#### WORK ITEM:
Write out, word for word, every line from the one where "Condominium for Rent: D09, 239197" occurs to the final line of the entries, and nothing beyond them.
MATERIAL FOR THIS TASK Block Start
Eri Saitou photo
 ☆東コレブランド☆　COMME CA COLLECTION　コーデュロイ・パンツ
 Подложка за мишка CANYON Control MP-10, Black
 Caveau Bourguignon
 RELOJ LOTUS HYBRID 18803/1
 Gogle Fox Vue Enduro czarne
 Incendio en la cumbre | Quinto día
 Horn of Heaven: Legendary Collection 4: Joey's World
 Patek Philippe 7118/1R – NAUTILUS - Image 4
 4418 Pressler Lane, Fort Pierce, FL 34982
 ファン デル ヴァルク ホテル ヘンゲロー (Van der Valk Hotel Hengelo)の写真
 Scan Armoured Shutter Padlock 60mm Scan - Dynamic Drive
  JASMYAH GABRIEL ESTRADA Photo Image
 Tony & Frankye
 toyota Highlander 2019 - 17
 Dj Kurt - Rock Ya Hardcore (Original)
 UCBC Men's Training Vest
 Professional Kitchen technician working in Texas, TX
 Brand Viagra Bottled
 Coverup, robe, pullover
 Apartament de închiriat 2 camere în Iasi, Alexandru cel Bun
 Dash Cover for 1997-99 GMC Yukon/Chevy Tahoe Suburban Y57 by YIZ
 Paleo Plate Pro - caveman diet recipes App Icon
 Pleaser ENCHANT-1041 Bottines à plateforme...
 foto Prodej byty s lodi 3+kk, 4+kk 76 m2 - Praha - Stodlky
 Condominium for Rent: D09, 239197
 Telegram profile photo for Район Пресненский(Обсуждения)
MATERIAL FOR THIS TASK Block End
#### REPLY TO THE TASK:
 Condominium for Rent: D09, 239197
 Telegram profile photo for Район Пресненский(Обсуждения)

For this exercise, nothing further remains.